(TASK REQUIREMENTS):
Would you please reproduce all the entries exactly, leaving the pictures out?

┌──

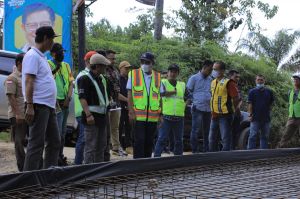 Pj Bupati Tebo Cek Jalan Beton Anggaran PEN di Serai Serumpun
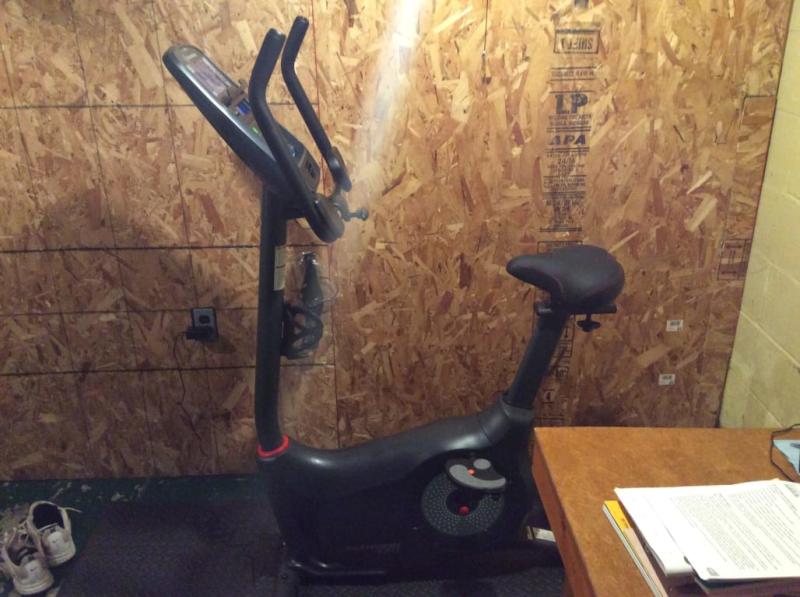 Schwinn m717 170 upright exercise online bike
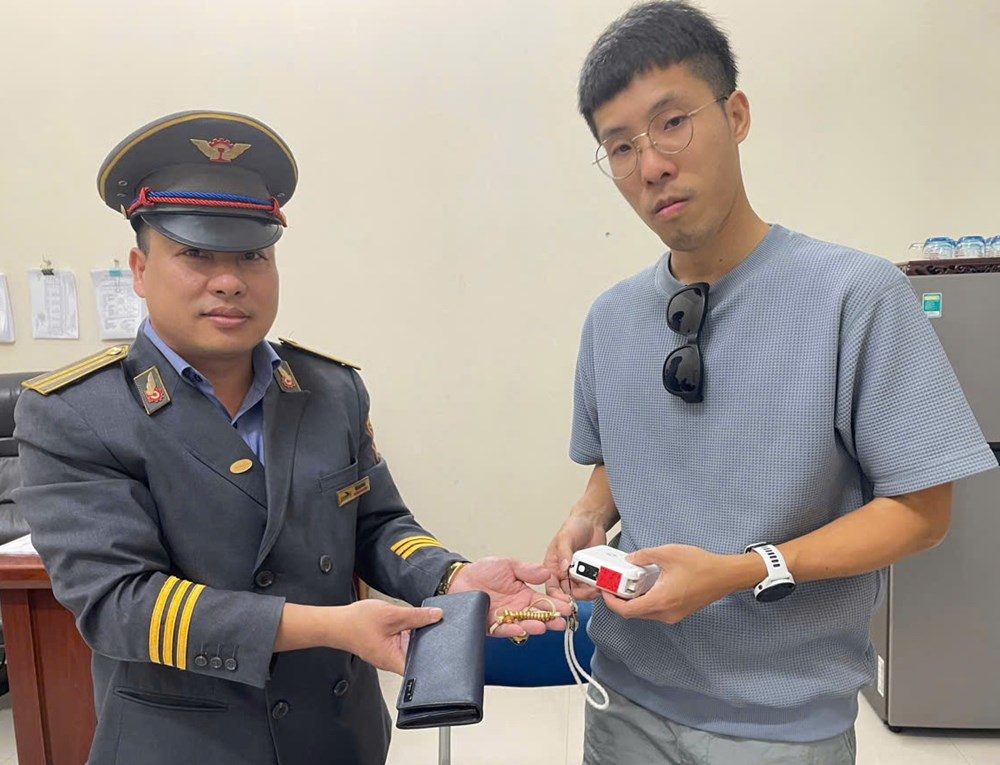 Trả lại tài sản trị giá hơn 35 triệu đồng cho khách nước ngoài bỏ quên trên tàu - ảnh 1
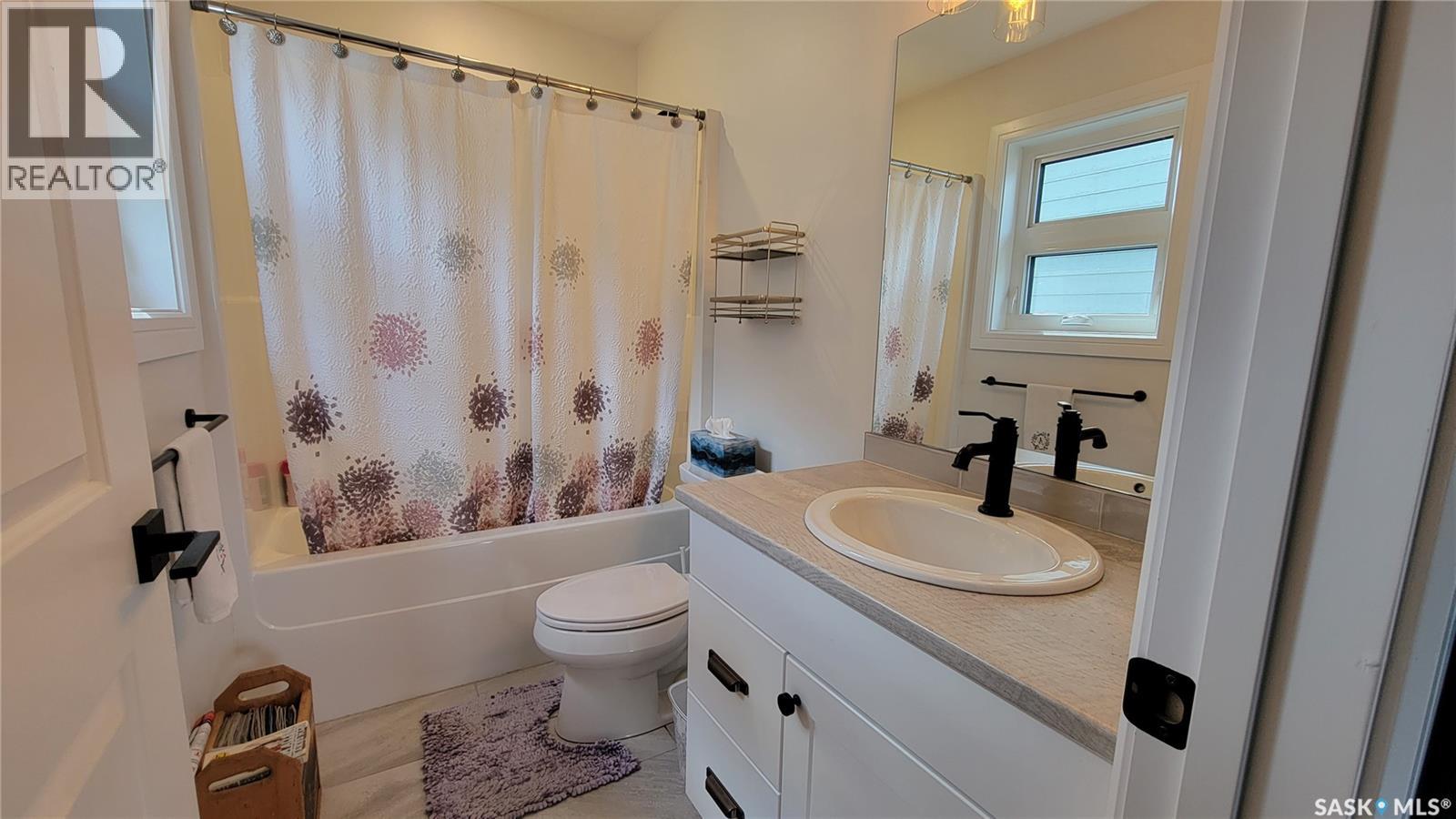 214 1st Avenue W, Maidstone, Saskatchewan  S0M 1M0 - Photo 14 - SK033063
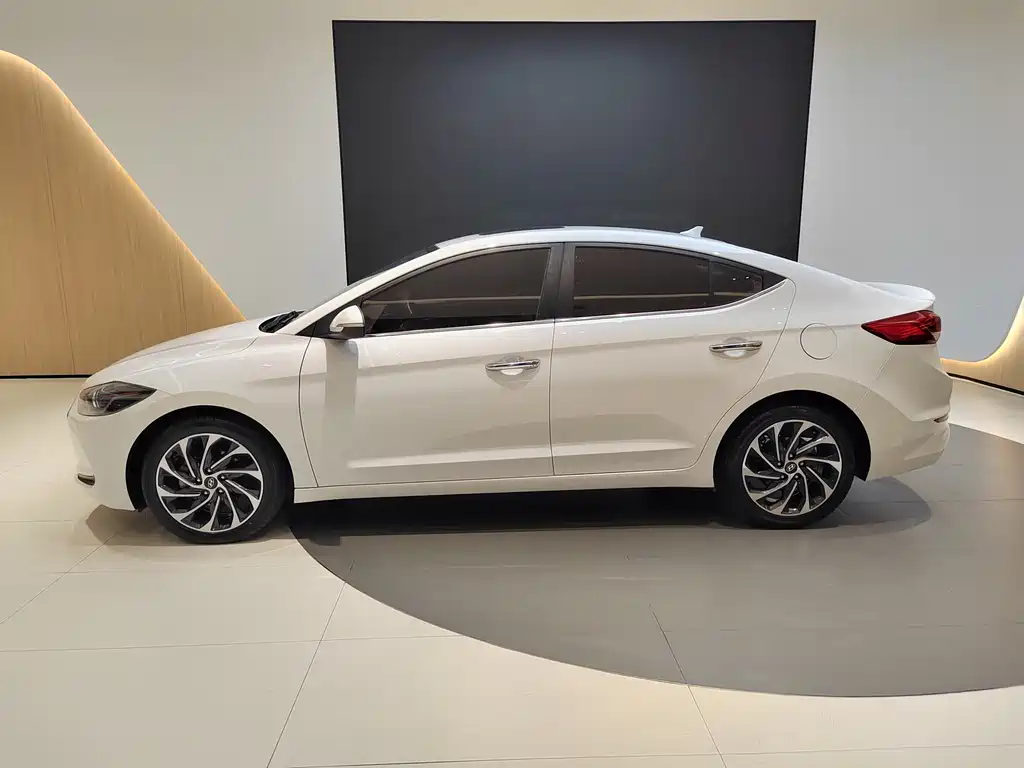 Hyundai Elantra 2020 — фото 4
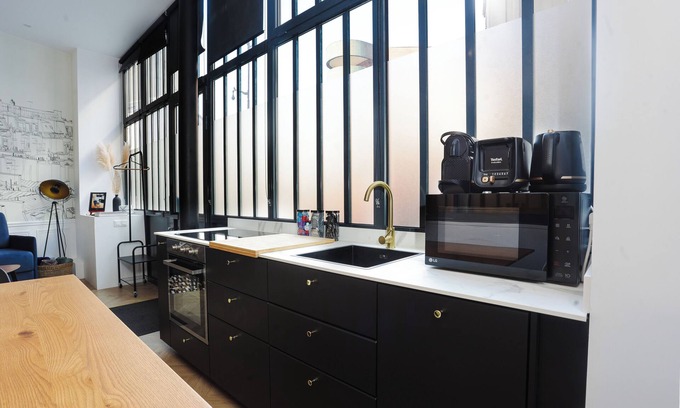 Clignancourt Wohnung | One-of-a-Kind stay steps to Sacré-Cœur & metro!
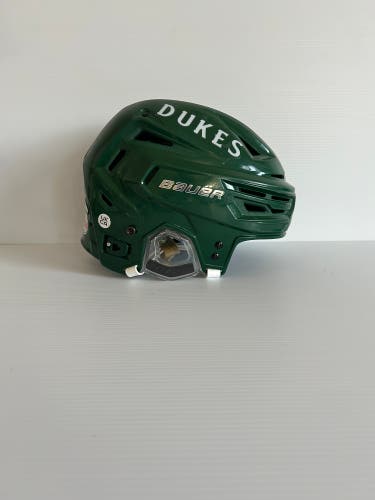 Used Green Medium Bauer Re-Akt 155 Helmet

└──

(TASK OUTPUT):
 Pj Bupati Tebo Cek Jalan Beton Anggaran PEN di Serai Serumpun
 Schwinn m717 170 upright exercise online bike
 Trả lại tài sản trị giá hơn 35 triệu đồng cho khách nước ngoài bỏ quên trên tàu - ảnh 1
 214 1st Avenue W, Maidstone, Saskatchewan  S0M 1M0 - Photo 14 - SK033063
 Hyundai Elantra 2020 — фото 4
 Clignancourt Wohnung | One-of-a-Kind stay steps to Sacré-Cœur & metro!
 Used Green Medium Bauer Re-Akt 155 Helmet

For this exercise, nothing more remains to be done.